I thank God, whom I serve with a pure conscience, as my forefathers did.
2 Timothy 1:3.
This is an astonishing word from the pen of the apostle Paul. As a young man he had, after all, been persecuting Christians cruelly, but regarding his conscience he was misled at the time. Our conscience cannot be an absolute yardstick. We may well be conscious of good and evil in our dealings, but our conscience is like a pointer in a scale. The scale corresponds to the values that mould us through our upbringing, our environment or public opinion, for example.
One can generally say that it is not good to act against our conscience. In this respect our conscience plays an important part in the Bible and in legislation. On the other hand, it is often not enough to have a clear conscience, as the example of Paul shows. All depends on whether our conscience is correctly “calibrated”, i.e. whether we act according to God’s principles or not.

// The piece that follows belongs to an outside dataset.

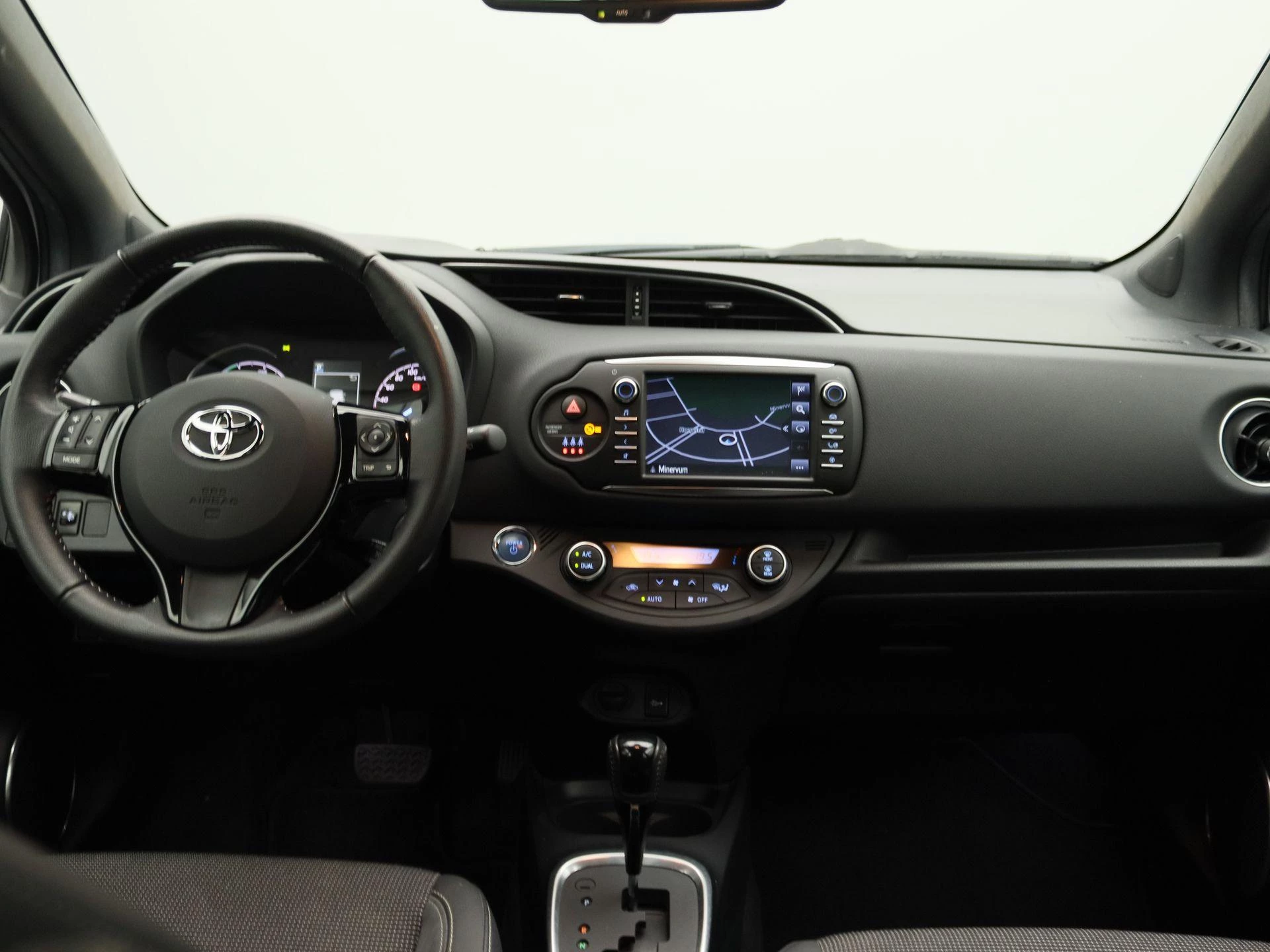 Toyota-Yaris-image-7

A great problem in our day is that much that was regarded as evil in earlier generations is now accepted by society. It is even tolerated in the legislation of modern states and taught as good or “value free” in schools. Key subjects are, for example, abortion, euthanasia and free sex. Public opinion has changed so much that consciences are not affected in many cases where people act in opposition to God’s standards. We cannot simply fall back on a “clear conscience”. We must heed God’s standards, which are eternally valid and by which He will eventually judge our lives.